Ask HN: Interesting Ideas You're Too Lazy To Persue - theanti9

I end up with a lot of cool ideas for projects, but I often discover that they are way beyond my skill range or I just lose interest in them after a while. What are your ideas like this?
======
btilly
The last one that I wound up petering out on was an explanation of the Kelly
Criterion on optimal gambling strategies.

I did quite a bit, see <http://elem.com/~btilly/kelly_criterion/> and
<http://elem.com/~btilly/kelly_criterion/betting-returns.html> for what I did.
However I petered out once I had completely figured out the fun part, which is
how to write the JavaScript to numerically solve the maximization problem of
finding the optimal solution in any number of dimensions. (Of course I did so
before I finished typing it up, which is why the calculator doesn't have an
optimization option on it.)

------
tjr
I sometimes end up with a number of Visa gift cards. Maybe I use a $50 card to
order a $47 book, and a $25 card to buy a $23.50 dinner.

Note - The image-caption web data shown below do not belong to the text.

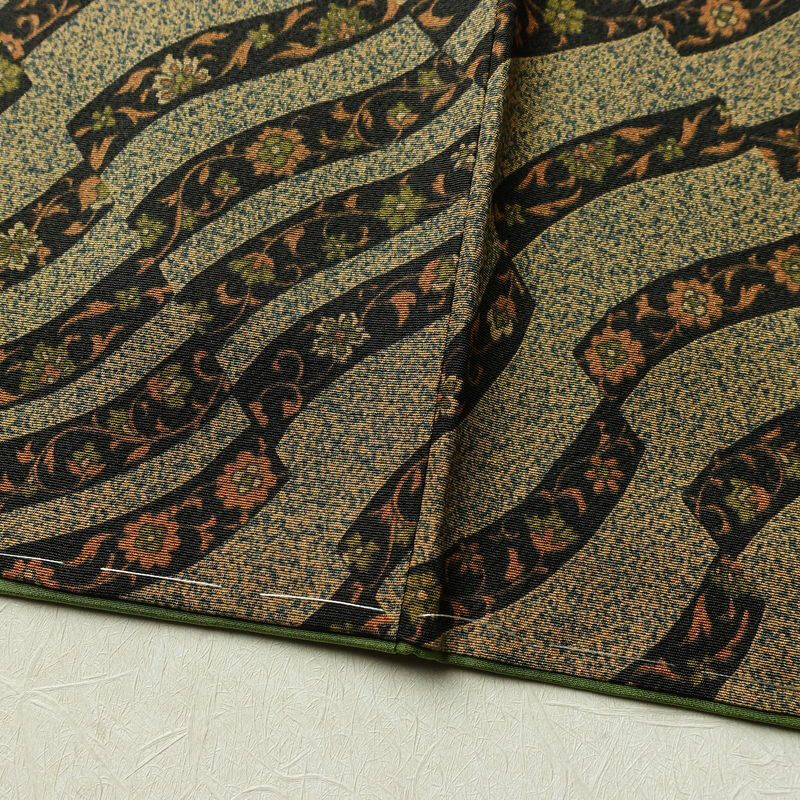 小紋 良品 しつけ糸付き 正絹 幾何学柄・抽象柄 袷仕立て 身丈166.5cm 裄丈67cm リサイクル着物 着物 未使用品 茶_画像13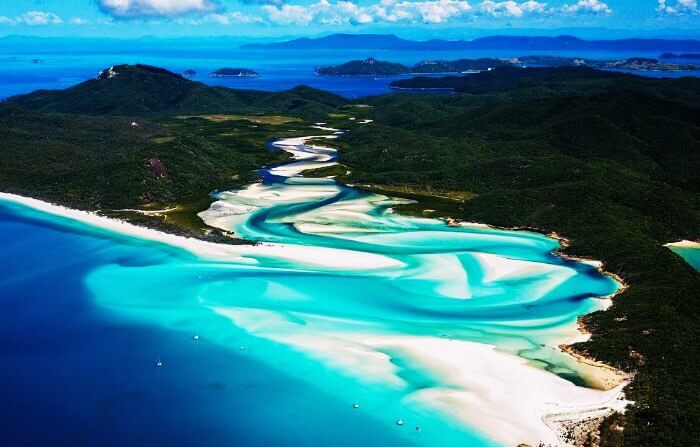 White sandy beaches and azure waters of Whitsunday make it an amazing honeymoon spot in the world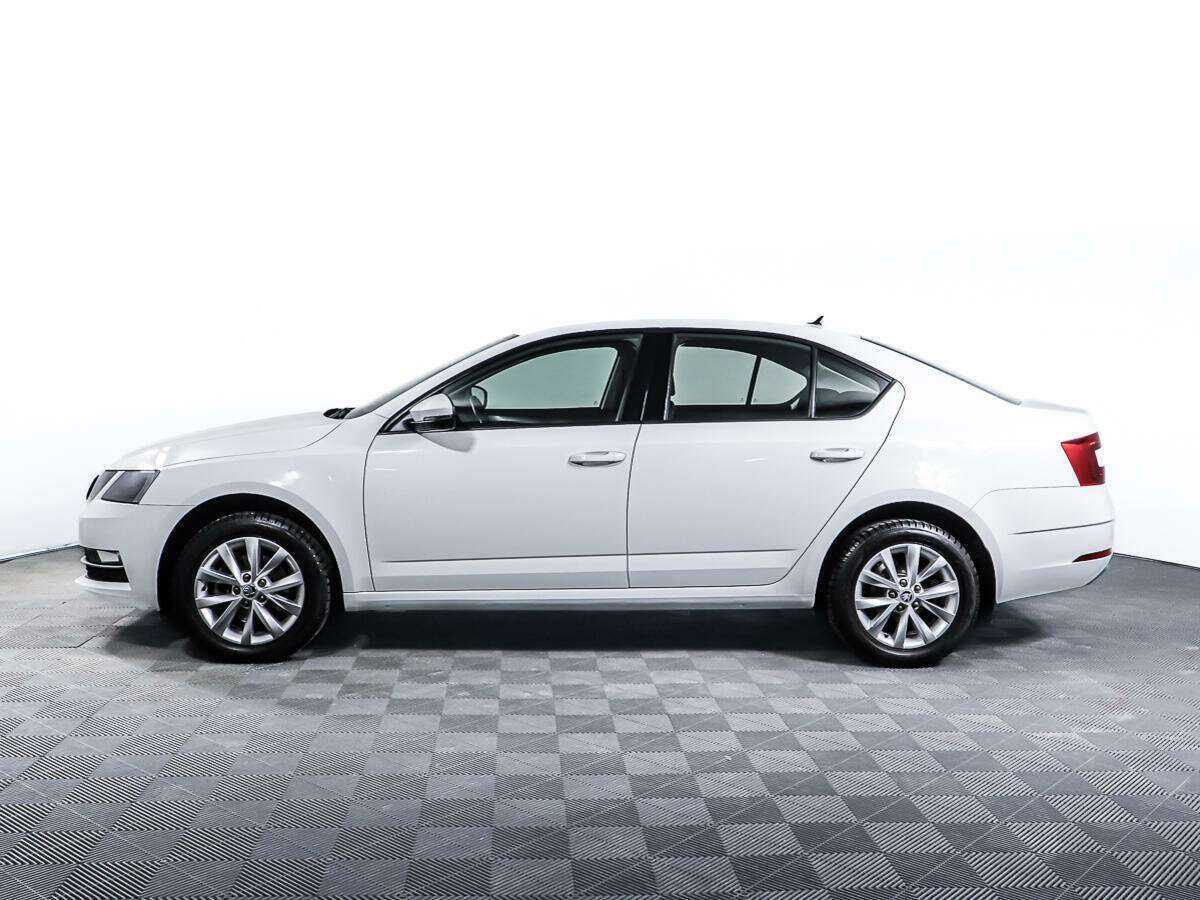 Skoda Octavia 2018 года с пробегом. Фото: #7
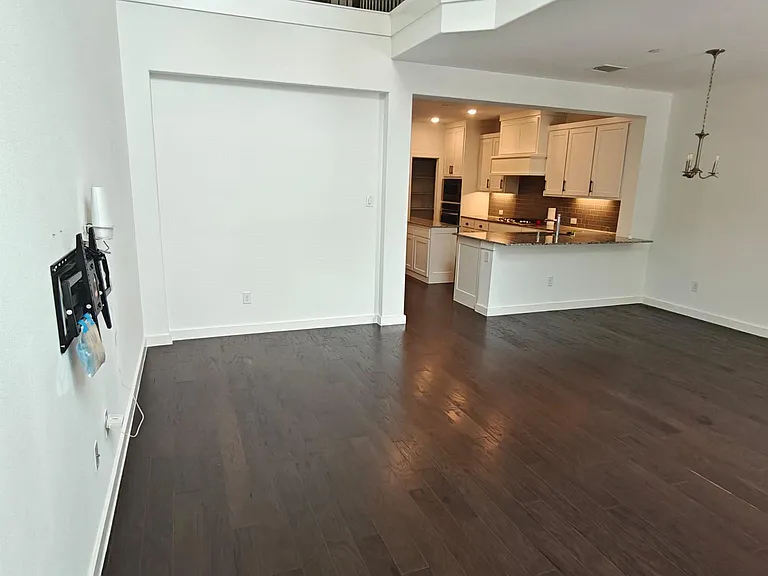 1416 Navasota Trl — Photo 6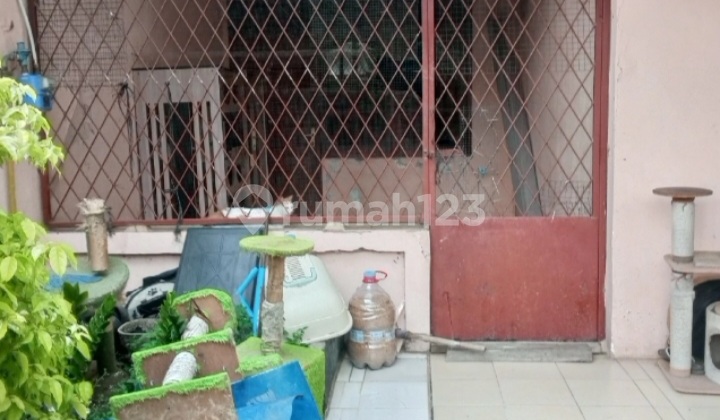 Dijual Tanah Bonus Rumah Tua di Depok I, 2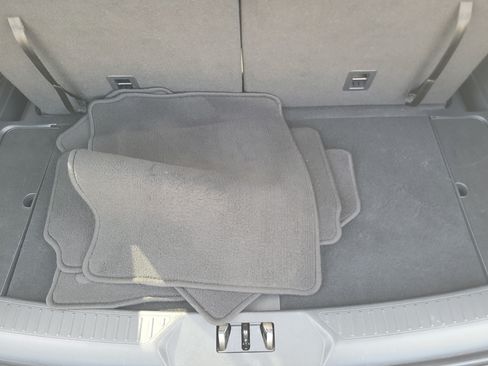Used 2025 Ford Explorer Active w/ Active Comfort Package RWD image 10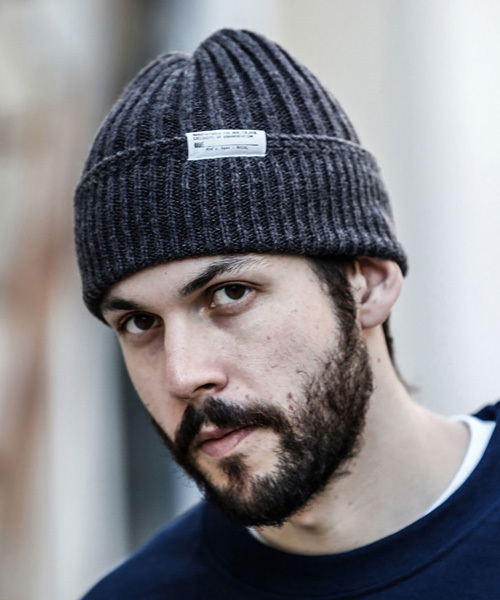 MR.OLIVE(ミスターオリーブ)の「RACAL×MR.OLIVE COLLABORATION / W/A RIB KNIT CAP(ニットキャップ/ビーニー・メンズ・チャコールグレー/ブラック/ダークブラウン/ブラウン・FREE)」の3枚目の写真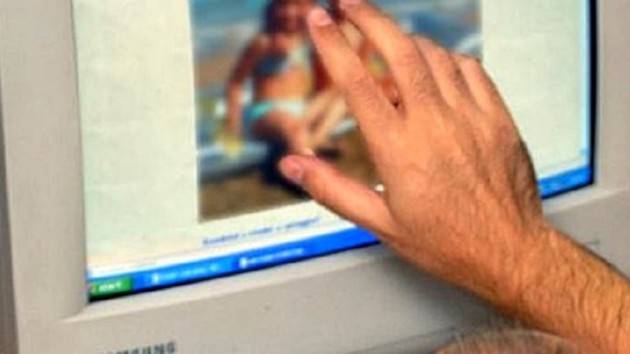 Pedopornografia online, 46enne arrestato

So I have a bunch of Visa gift cards with a few dollars (or cents) on them. I
would like to be able to create a new account "alias", such that I can go to
an online store, enter my new account alias credit card number, and have it
pull funds from my plethora of Visa gift cards, appearing to the merchant as
one card, one transaction.

Not sure what the market would be for this sort of thing, but more than once I
wish I could do it, and my areas of expertise are so far afield from this that
I have no intention of trying to build it myself.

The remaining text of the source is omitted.